### SOURCE RECORDS
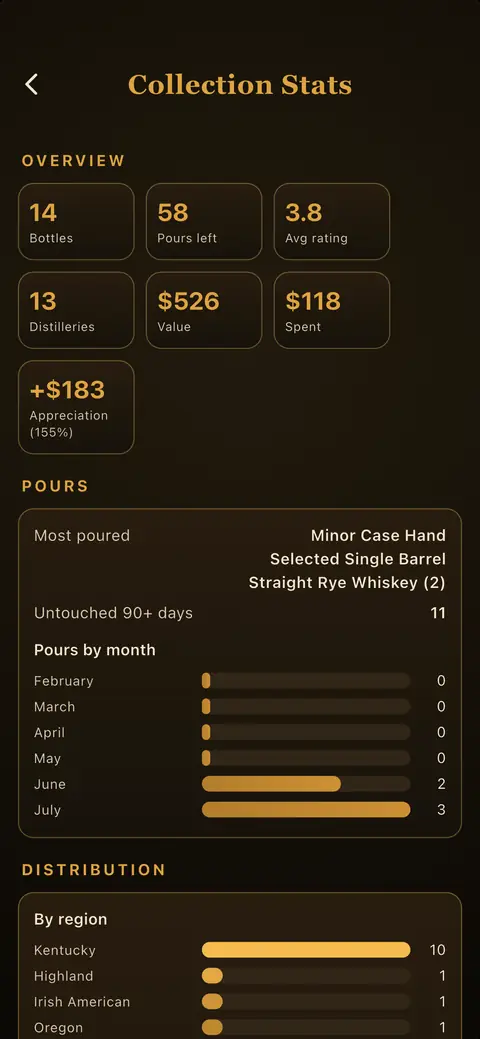 Whiskey Thief Vault screen with collection tools and top shelf rankings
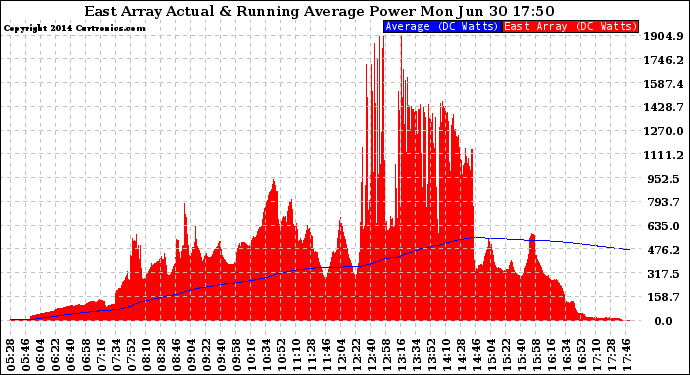 Solar PV/Inverter Performance East Array Actual & Running Average Power Output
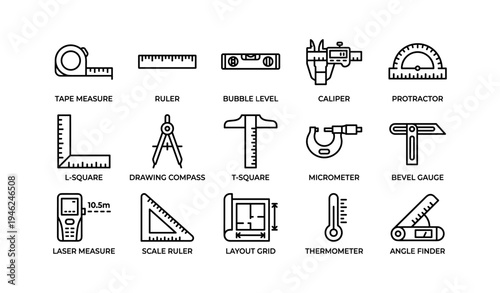 Set of measurement tools for precision and accuracy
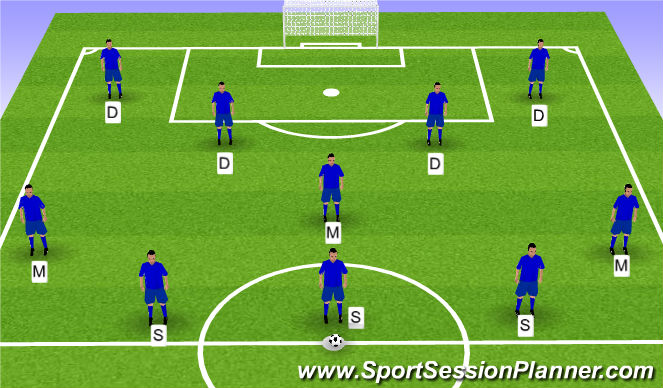 football-soccer-positions-tactical-positional-understanding-moderate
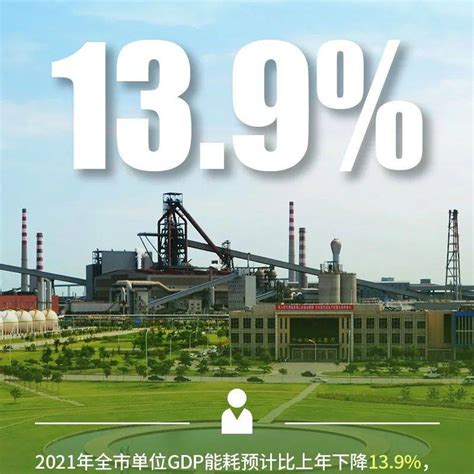 【热点观察】“钢铁之城”唐山GDP突破8000亿！_发展_百分点_来源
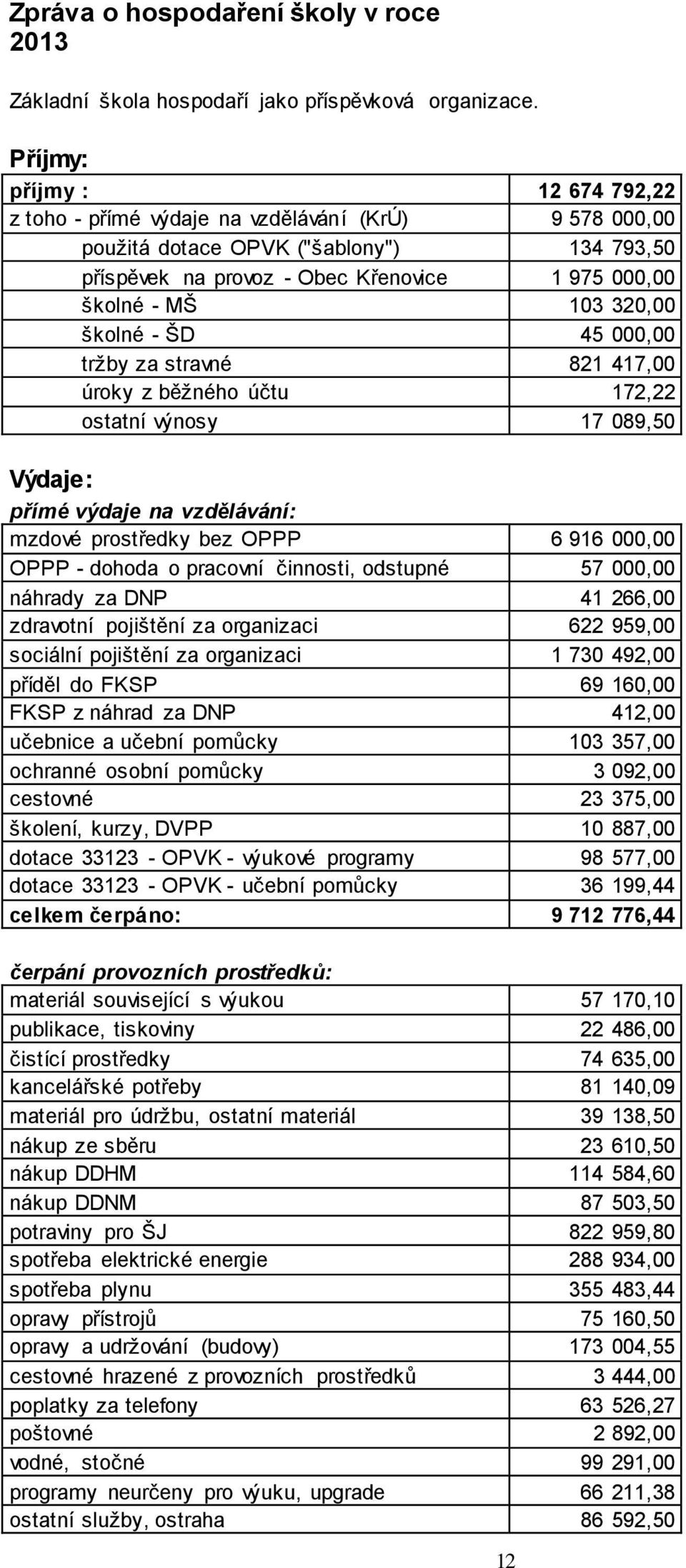 320,00 školné - ŠD 45 000,00 tržby za stravné 821 417,00 úroky z běžného účtu 172,22 ostatní výnosy 17 089,50 Výdaje: přímé výdaje na vzdělávání: mzdové prostředky bez OPPP 6 916 000,00 OPPP - dohoda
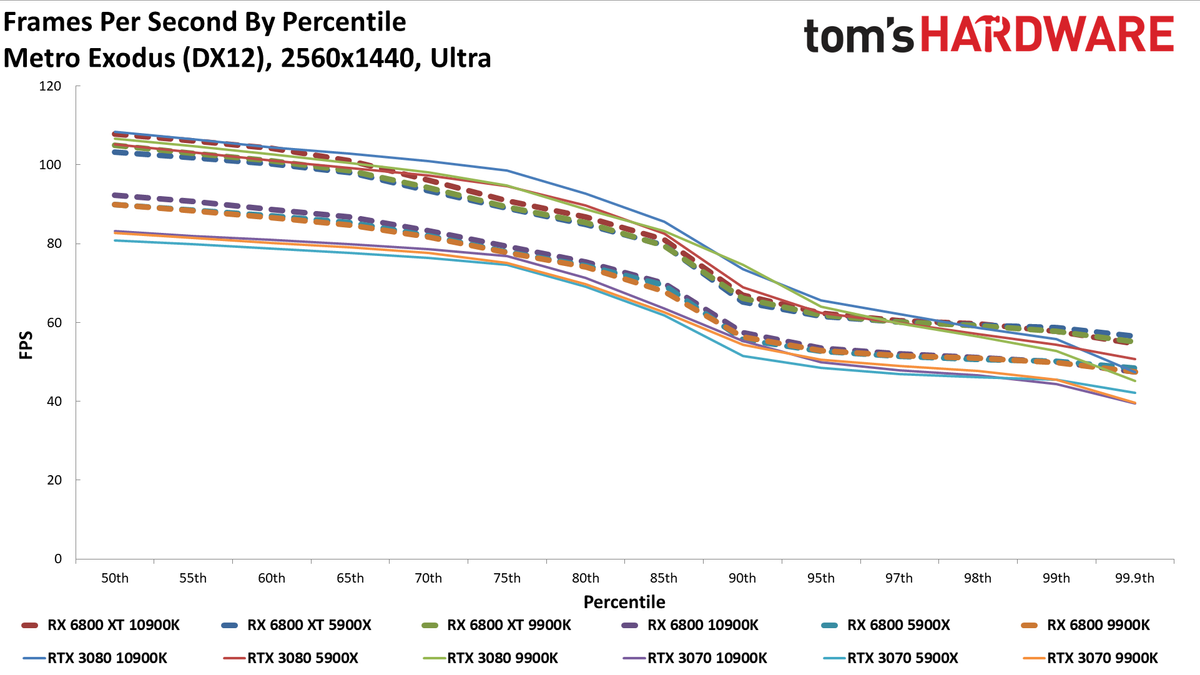 Radeon RX 6800 series vs RTX 30-series on different CPUs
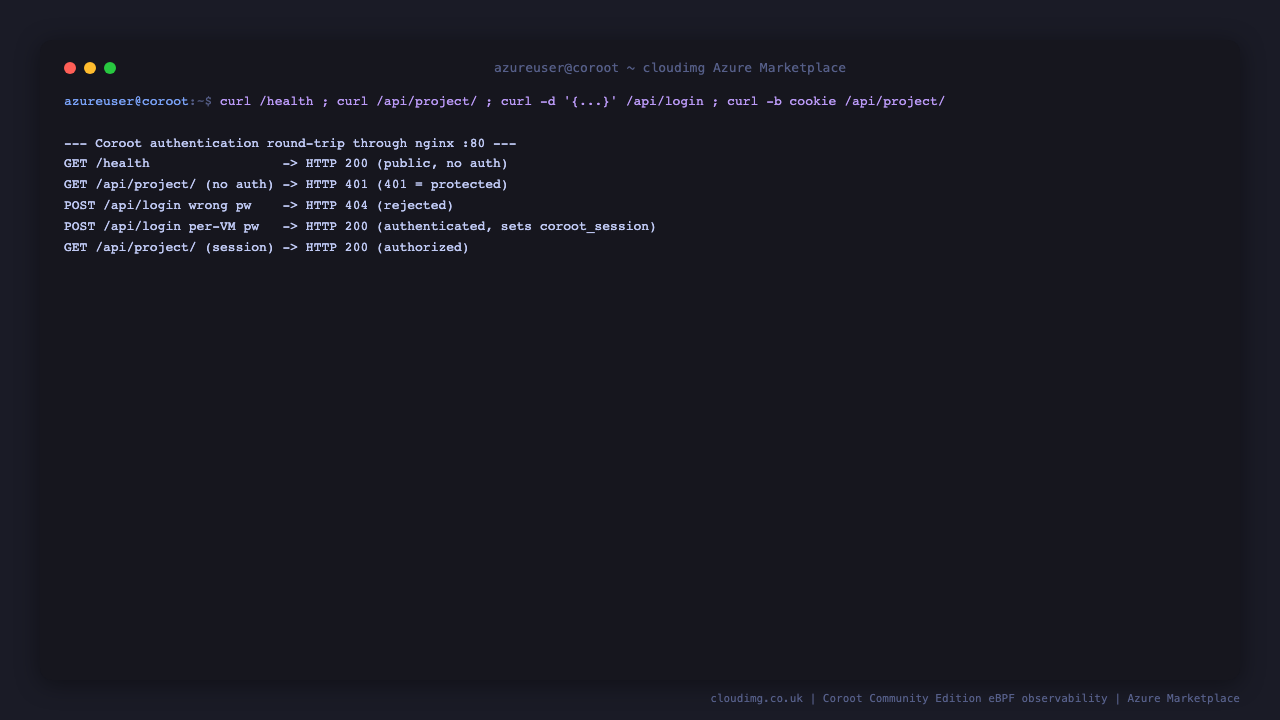 The Coroot authentication round-trip: the health endpoint returning 200 with no auth, an unauthenticated API call returning 401, a wrong password login rejected, the per-VM password logging in with 200 and a coroot_session cookie, and an authenticated API call returning 200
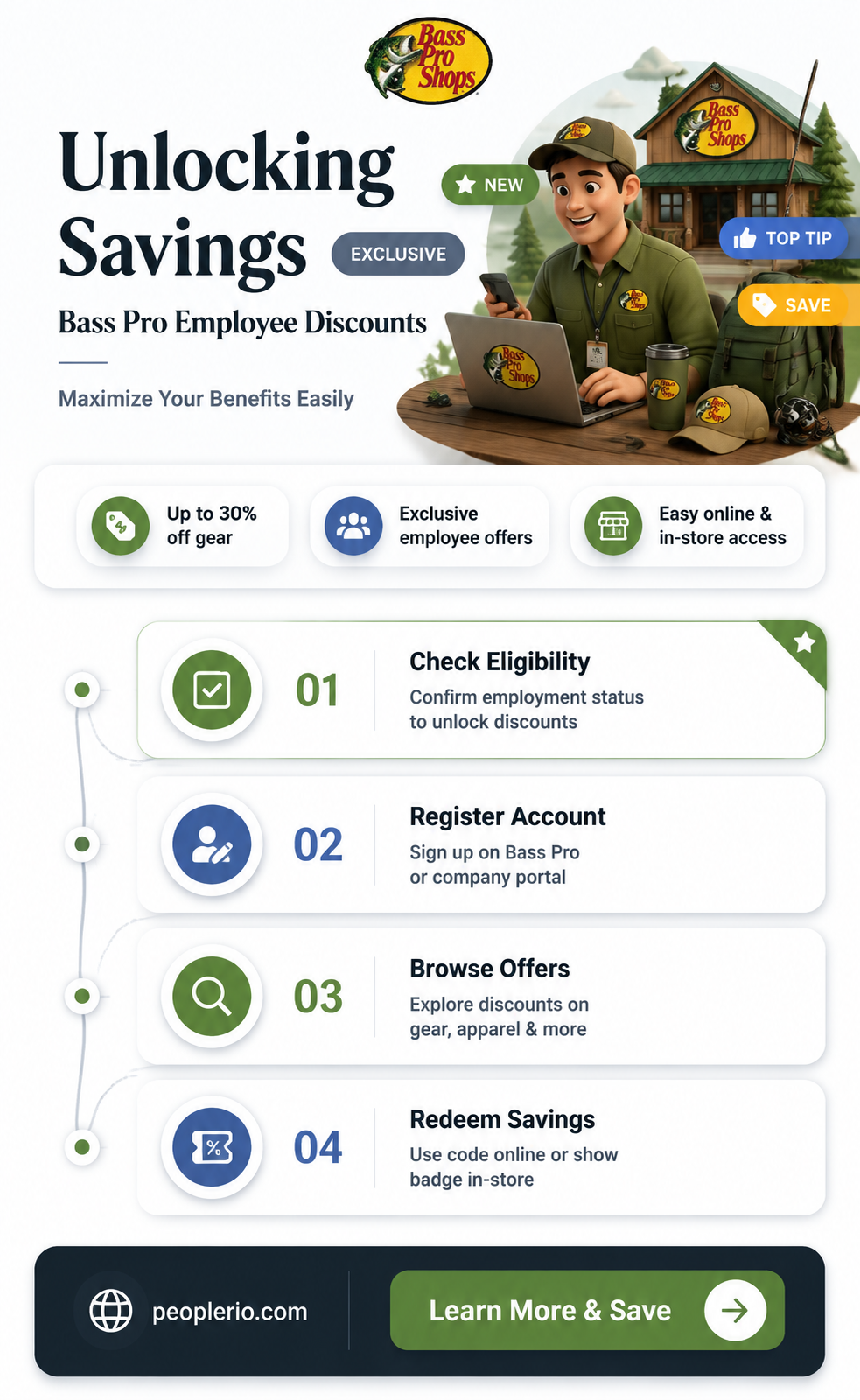 what is bass pro employee discount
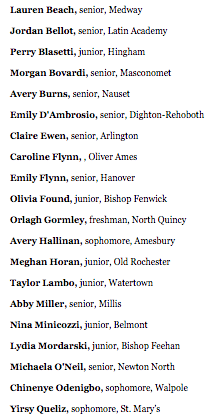 Honorable mention:

Lauren Beach, <a href="/MedwayAthletics/">Medway Athletics</a> 

Jordan Bellot, <a href="/BostonLatinAcad/">Boston Latin Academy</a> 

Perry Blasetti, <a href="/HarbormenNews/">HinghamHSAthletics</a> 

Morgan Bovardi, <a href="/mascochieftains/">John Daileanes</a> 

Avery Burns, <a href="/Nausetsports/">Nauset Athletics</a> 

Emily D'Ambrosio, <a href="/DRHighSchool/">Dighton Rehoboth</a> 

Claire Ewen, <a href="/JB_ATOWN4LIFE/">John Bowler</a> 

Caroline Flynn, <a href="/OAHSTigersports/">Oliver Ames Athletics</a>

### WHAT IS NEEDED
Pick each line holding the word "John" out of the data and copy it.

### RESULT
Morgan Bovardi, <a href="/mascochieftains/">John Daileanes</a> 
Claire Ewen, <a href="/JB_ATOWN4LIFE/">John Bowler</a> 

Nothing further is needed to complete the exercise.